他にもいくつかのポイントがありますが、こういった点に注意しながら遺言書作りを進めていきましょう。

間違えたときの修正のしかた

自筆遺言書を書いていて間違えてしまった場合は決まった直し方があります。他人による改ざん防止のために厳格な方法が定められています。

それでは方法について見てみましょう。

  1. 遺言者自身が行うこと
  2. 変更の場所を指示して訂正した旨を付記すること
  3. 付記部分に署名すること
  4. 変更の場所に押印すること

訂正したい語句に二重線を引き、新しい文言を書き込みます。訂正箇所には押印を行い欄外に訂正した旨を記載します。

訂正自体は簡単なように思いますが、上記の方法で訂正がされていなかった場合、その訂正は無効となります。

遺言書本体がすぐに無効となることはありませんが、訂正自体はなかったものとして扱われ元々の文言が採用されます。

訂正前の元々の文言が読み取れない場合は、その部分全体がないものとして扱われることになったり、その部分が遺言にとってメインとなるような重要な部分であった場合は遺言書自体が無効になってしまいます。

訂正の箇所が広範囲に及ぶ場合や大事な部分の訂正となる場合は書き直した方が無難でしょう。

まとめ

いかがだったでしょうか。自筆証書遺言書を書くときのポイントをまとめると、以下のとおりです。

  • 自筆証書遺言書は自分の直筆で書く
  • 本文の最後やパソコンなどで制作した別紙に日付と署名と押印をする
  • もめないようにポイントをおさえて書く
  • 間違った場合は可能な限り最初からやりなおす

自分で書きたい、何度も書き直したい、書く内容が少ない方や法的な権限がないことを書いておきたい場合などは自筆証書遺言はとても便利です。

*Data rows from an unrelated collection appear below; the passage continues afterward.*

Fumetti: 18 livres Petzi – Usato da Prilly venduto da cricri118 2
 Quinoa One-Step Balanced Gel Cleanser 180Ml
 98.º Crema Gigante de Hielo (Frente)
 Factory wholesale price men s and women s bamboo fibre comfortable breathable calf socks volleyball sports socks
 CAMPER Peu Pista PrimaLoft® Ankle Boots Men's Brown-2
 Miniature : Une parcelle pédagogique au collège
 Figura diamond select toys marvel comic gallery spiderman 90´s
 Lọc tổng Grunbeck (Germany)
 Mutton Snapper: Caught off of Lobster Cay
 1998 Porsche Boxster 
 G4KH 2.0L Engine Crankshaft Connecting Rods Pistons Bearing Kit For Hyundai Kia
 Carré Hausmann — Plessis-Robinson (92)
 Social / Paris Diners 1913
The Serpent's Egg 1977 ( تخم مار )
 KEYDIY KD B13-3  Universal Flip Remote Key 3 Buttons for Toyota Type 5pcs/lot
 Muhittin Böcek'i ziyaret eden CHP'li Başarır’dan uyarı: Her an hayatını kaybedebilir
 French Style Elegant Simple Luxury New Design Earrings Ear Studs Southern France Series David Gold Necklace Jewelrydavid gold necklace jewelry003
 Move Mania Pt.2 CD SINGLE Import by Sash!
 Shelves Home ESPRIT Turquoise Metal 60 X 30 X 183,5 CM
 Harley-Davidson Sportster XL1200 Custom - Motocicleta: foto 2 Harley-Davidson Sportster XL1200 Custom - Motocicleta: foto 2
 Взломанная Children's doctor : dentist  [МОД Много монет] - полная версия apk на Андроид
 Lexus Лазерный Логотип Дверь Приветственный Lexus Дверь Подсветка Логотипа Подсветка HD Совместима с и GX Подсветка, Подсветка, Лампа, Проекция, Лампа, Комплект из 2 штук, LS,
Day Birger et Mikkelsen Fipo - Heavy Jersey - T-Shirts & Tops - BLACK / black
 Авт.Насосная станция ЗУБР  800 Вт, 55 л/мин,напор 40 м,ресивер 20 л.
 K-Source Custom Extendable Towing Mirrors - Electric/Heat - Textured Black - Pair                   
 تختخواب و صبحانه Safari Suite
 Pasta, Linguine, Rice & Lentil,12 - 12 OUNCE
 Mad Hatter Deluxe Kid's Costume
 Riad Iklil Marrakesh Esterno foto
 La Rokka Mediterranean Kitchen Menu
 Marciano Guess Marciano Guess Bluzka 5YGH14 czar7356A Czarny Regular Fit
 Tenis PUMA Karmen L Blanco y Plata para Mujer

しかし、相続時になって「無効でした」となっては困ってしまいますよね。

そうならないようにしっかりとポイントをおさえて作成することが肝心です。

どんな内容で書いたらいいか分からない場合や、遺留分やその他について詳しくいりたい方は専門家に相談するのがいいでしょう。

また、「書く内容が多い」「自分では書くことが出来ない」「相続人の手続きを減らしたい」そういった方は公正証書遺言で遺言を残すことをおすすめいたします。